A compiler for a subset of ML (Caml Light) targeting the ZINC Abstract Machine, with three runtime implementations: the original Caml Light runtime (C), a verified Haskell reference model, and a high-performance Rust runtime.
This project implements:
- Compiler (
zam-compiler): Translates ML source code into Caml Light-compatible bytecode (Haskell) - Haskell Runtime Model (
zam-runtime-model): Clean-room ZAM interpreter for verification and differential testing - Rust Runtime (
zam-runtime-rust): High-performance, memory-safe ZAM interpreter - C Runtime (
zam-runtime-c): Original Caml Light 0.75 bytecode interpreter (reference)
Features:
- Code Generation: Emits Caml Light-compatible bytecode
- Verification: Differential testing across all three runtimes
This project is built on the foundation of the ZINC Abstract Machine (ZINC Is Not Caml), described in Xavier Leroy's seminal paper. For a comprehensive introduction to the ZINC ideology, design principles, and execution model, see:
📄 docs/zinc.md - The ZINC Abstract Machine: A Portable Runtime System for ML
This project connects a modern Haskell bytecode compiler to the original Caml Light 0.75 (CL75) runtime, breathing new life into this historically significant piece of functional programming heritage.
Why This Matters:
- Educational Platform: Provides a complete, working implementation of the ZINC abstract machine for students and researchers
- Research Vehicle: Creates a new platform for experiments on the classic ZAM architecture
- Historical Preservation: Keeps the CL75 runtime accessible and usable with modern tooling
What We Built:
- A complete ML-to-bytecode compiler in Haskell targeting the original CL75 runtime
- Full compatibility with the vintage Caml Light 0.75 bytecode format
- Support for arithmetic, conditionals, let-bindings, recursive functions, and C primitive calls
To ensure our compiler generates correct bytecode, we built a complete Haskell implementation of the ZAM bytecode interpreter and verified it through differential testing against the original C runtime.

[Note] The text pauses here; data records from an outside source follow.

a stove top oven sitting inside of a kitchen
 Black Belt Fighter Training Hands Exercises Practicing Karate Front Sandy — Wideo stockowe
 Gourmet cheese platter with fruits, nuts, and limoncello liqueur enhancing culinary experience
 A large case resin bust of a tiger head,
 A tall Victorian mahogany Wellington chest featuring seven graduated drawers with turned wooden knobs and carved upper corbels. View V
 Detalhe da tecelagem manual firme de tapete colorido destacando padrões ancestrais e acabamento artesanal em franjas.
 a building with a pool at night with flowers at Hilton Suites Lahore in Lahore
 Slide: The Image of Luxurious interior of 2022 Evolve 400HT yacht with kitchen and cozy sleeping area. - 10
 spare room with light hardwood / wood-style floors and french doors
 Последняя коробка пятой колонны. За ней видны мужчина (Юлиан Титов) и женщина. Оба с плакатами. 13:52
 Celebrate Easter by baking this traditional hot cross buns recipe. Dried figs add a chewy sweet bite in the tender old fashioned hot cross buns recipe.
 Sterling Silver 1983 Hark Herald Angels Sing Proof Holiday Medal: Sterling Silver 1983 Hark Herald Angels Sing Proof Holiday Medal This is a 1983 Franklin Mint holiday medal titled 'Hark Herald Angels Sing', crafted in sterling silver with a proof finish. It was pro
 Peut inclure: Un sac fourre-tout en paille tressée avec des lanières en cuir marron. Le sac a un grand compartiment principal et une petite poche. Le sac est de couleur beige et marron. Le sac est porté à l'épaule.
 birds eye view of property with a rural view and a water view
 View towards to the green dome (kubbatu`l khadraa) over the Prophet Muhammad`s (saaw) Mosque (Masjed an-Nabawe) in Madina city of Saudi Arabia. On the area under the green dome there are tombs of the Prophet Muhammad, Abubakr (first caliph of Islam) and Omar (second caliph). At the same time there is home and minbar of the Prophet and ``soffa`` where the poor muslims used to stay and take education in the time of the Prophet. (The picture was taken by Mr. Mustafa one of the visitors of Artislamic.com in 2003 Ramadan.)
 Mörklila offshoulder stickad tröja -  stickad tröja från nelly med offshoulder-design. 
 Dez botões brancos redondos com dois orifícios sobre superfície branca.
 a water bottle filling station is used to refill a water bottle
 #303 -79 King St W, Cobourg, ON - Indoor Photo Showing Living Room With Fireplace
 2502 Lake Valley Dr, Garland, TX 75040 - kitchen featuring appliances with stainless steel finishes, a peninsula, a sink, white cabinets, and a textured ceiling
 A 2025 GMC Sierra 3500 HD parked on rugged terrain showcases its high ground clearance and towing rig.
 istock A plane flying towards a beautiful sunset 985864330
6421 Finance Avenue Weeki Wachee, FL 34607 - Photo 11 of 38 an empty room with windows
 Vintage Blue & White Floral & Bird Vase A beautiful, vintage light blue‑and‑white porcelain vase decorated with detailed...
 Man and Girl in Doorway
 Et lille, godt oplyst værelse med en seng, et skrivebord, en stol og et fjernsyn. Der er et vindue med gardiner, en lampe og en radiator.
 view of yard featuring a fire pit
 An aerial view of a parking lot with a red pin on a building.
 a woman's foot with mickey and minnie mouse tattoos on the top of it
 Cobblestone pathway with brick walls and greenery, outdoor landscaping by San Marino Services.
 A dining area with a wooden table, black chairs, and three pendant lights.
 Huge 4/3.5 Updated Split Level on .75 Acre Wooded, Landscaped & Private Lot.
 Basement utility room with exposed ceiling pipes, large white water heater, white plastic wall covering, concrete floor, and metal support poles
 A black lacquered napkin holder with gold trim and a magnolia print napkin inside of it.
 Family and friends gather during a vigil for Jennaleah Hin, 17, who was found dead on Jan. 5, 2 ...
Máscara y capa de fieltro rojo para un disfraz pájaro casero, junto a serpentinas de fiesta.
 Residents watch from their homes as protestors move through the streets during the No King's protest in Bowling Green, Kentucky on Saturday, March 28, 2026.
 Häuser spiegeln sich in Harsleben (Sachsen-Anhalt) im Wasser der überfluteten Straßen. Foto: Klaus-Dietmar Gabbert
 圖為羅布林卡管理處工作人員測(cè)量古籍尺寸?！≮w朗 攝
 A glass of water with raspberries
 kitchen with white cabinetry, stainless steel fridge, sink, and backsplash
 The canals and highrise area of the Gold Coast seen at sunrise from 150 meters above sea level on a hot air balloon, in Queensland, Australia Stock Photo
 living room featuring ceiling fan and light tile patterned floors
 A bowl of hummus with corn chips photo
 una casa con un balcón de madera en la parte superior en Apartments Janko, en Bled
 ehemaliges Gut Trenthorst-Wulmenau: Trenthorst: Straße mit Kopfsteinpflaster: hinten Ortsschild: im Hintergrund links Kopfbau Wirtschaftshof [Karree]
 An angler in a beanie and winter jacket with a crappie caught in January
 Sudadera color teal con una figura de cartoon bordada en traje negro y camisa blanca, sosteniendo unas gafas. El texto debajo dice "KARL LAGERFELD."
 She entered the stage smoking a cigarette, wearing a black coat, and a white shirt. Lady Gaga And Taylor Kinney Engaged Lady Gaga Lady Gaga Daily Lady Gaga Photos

The Challenge: The vintage Caml Light 0.75 runtime occasionally crashes with recursive functions (segfaults), making it hard to determine if crashes are due to our compiler generating wrong bytecode or the runtime's memory issues.
The Solution: We implemented a clean-room Haskell interpreter that follows the same ZAM semantics but without the C runtime's memory management issues. By running identical bytecode through both interpreters and comparing execution traces, we can:
- Verify our compiler generates correct bytecode
- Find bugs in our understanding of ZAM semantics
- Distinguish compiler bugs from runtime stability issues
Result: Successfully identified and fixed 5+ bugs, achieving 100% trace match on all test cases including recursive factorial. The Haskell runtime model is now a reliable reference implementation for ZAM semantics.
We implemented a ground-up Rust runtime (zamrun) that combines C-level performance with Haskell-level safety guarantees.
Performance: The Rust runtime is ~114× faster than the Haskell model and ~1.09× faster than the C runtime on factorial benchmarks, while maintaining 100% reliability (the C runtime crashes ~26% of the time on recursive programs).
Safety: Rust's ownership system and borrow checker eliminate the memory safety bugs that plague the vintage C runtime — no segfaults, no use-after-free, no buffer overflows.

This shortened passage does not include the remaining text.